Der Einbruch in eine Gelsenkirchener Bankfiliale hat eine Debatte über die Sicherheit von Bankschließfächern entfacht. Mit hohem technischem Aufwand drangen Unbekannte durch eine Wand in den Tresorraum ein und brachen gezielt zahlreiche Fächer auf. Während die polizeilichen Ermittlungen laufen, stellt sich für die Betroffenen die Frage: Ist ein Bankschließfach wirklich sicher?

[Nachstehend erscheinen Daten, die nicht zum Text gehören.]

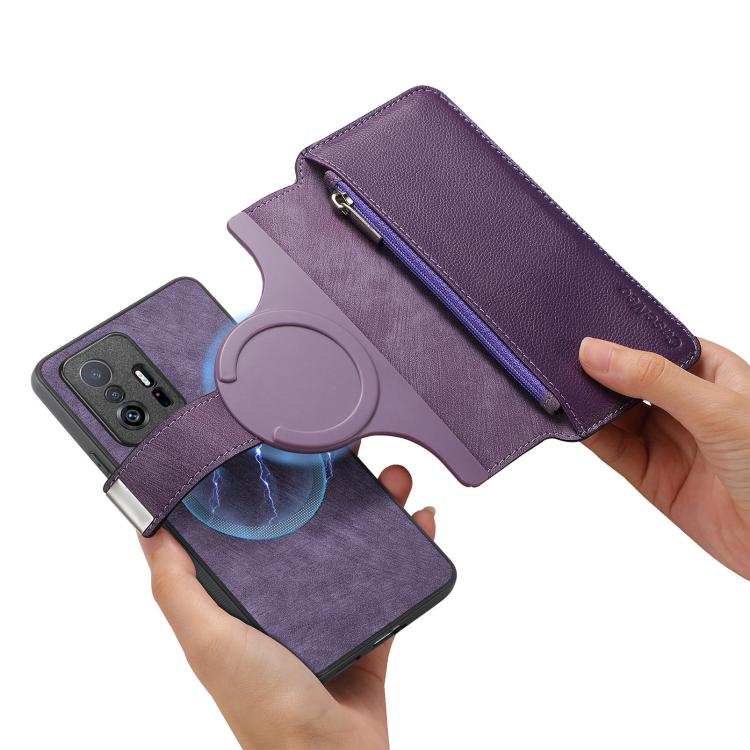 For Xiaomi Mi 11T / 11T Pro 5G CaseNeo MagSafe RFID Anti-theft Zipper Wallet Retro Leather Phone Case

Und wer kommt für den Verlust von Gold, Bargeld und Familienerbstücken auf, wenn diese aus dem Hochsicherheitstrakt einer Bank verschwinden?

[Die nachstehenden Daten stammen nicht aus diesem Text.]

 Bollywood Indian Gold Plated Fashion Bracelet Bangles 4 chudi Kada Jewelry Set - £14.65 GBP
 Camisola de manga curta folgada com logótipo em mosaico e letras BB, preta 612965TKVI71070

Bankschließfach ausgeraubt – Wer haftet?
Viele Kunden gehen davon aus, dass der Inhalt eines Schließfaches durch die Bank automatisch in unbegrenzter Höhe versichert ist. In der Praxis ist die Haftung jedoch meist durch die Allgemeinen Geschäftsbedingungen (AGB) der jeweiligen Bank klar definiert und begrenzt.

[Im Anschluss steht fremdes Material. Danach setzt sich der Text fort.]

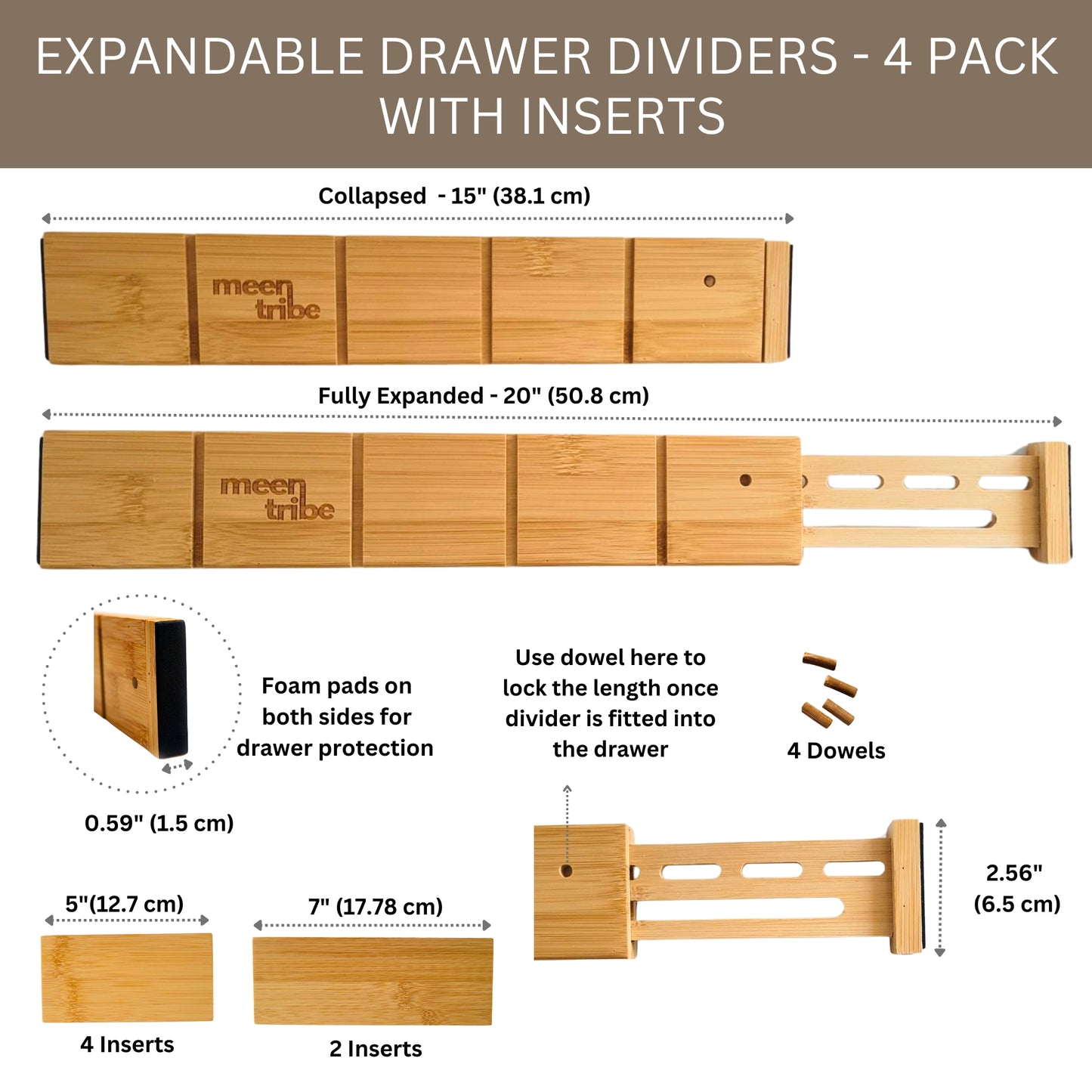 Bamboo Drawer Organisers with Inserts - 4 Pack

Die Versicherung des Schließfachinhalts ist dabei von Institut zu Institut sehr unterschiedlich geregelt. Während einige Banken überhaupt keinen Basis-Versicherungsschutz anbieten, begrenzen andere die Deckungssumme auf lediglich 2.500 Euro. Dies zeigt ein Vergleich der Stiftung Warentest aus dem Jahr 2024.
Ein solider Basisschutz ist eher die Ausnahme: Die maximale Deckungssumme lag zum Zeitpunkt der Erhebung bei lediglich 40.000 Euro. Übersteigt der Wert der eingelagerten Gegenstände diese oft niedrigen Grenzen, trägt der Kunde das finanzielle Risiko für den Differenzbetrag selbst – es sei denn, es wurde explizit eine Zusatzversicherung abgeschlossen. Der Fall in Gelsenkirchen zeigt deutlich, dass aufgrund dieser Deckelung ein Schließfach nicht immer sicher ist, da es vorwiegend zur Sicherung besonders wertvoller Vermögensbestände genutzt wird.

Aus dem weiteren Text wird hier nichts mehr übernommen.